The final event of the three day food extravaganza was a gala dinner served in the Ahwahnee Hotel dining room. As Suzanne Goin was the headline chef she created and prepared the menu for the evening: Arugula Salad with Blood Oranges, Roasted Dates, Almonds and Parmesan; Maine Diver Scallops with Green Garlic Soubise, Chanterelles and Meyer Lemon; Alaskan Black Cod with Kabocha Squash, Golden Raisins, Pancetta and Pedro Jimenez; Braised Veal Cheek with Risotto Carbonara, Pea Shoots and Black Truffle Butter; Bittersweet Chocolate Tart with Mascarpone and Pistachio Ice Cream. It was all incredible, wonderful, amazing -- nothing more needs be said.



Chef Suzanne Goin and me. She's holding her book: 'Sunday Dinners at Lucques' which she autographed for me.

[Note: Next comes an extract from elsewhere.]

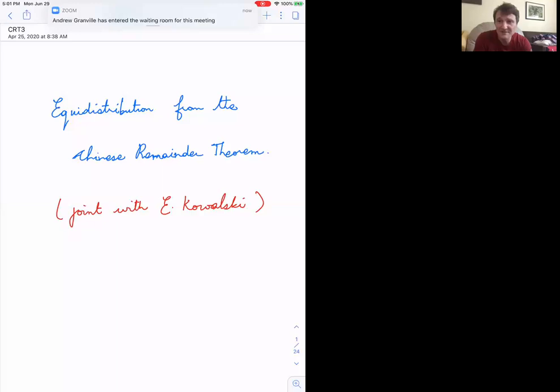We're just going to wait a minute or two — we have people coming in from seminars, from ANTS I understand, so we'll wait before we get started.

Chefs John Stewart and Duskie Estes and me. I interviewed them for an upcoming blog post.



Chef Jody Adams and me.



Snow-covered Half Dome, Yosemite Valley, Yosemite National Park

I love Yosemite but you know that already. Attending this event was truly an experience I won't soon forget. The setting, the chefs, the food, and the company. Will I go again next year? Possibly. I will give it serious consideration. It was that good.

Upcoming Posts: Interview with Chefs John Stewart & Duskie Estes owners of Zazu & Bovolo restaurants in Sonoma County. Reviews: Venezia: Food & Dreams by Tessa Kiros, My Nepenthe: Bohemian Tales of Food, Family and Big Sur by Romney Steele, The Spirit Kitchen: Everyday Cooking with Organic Spices by Sara Engram and Katie Luber and Kimberly Toqe.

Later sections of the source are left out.